"""

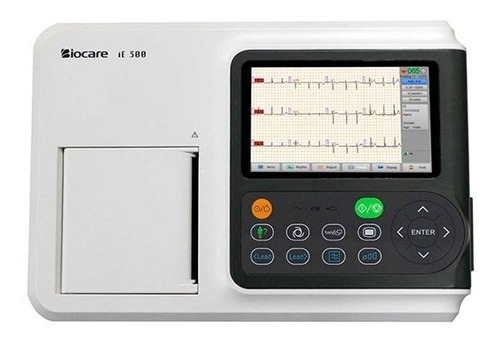 Electrocardiógrafo Digital Ie300 $980
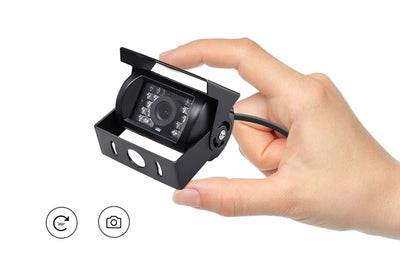 Waterproof 4 Pin AV Port Reverse Backup Camera With IR Night Vision For Trucks - stepyours.com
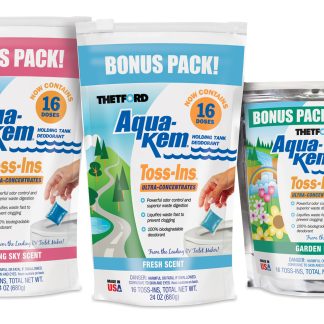 Aqua Kem Toss-Ins Fresh Scent 16ct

"""

EXERCISE INSTRUCTIONS:
An exact copy of the whole listing is required, minus the pictures.

SOLUTION:
 Electrocardiógrafo Digital Ie300 $980
 Waterproof 4 Pin AV Port Reverse Backup Camera With IR Night Vision For Trucks - stepyours.com
 Aqua Kem Toss-Ins Fresh Scent 16ct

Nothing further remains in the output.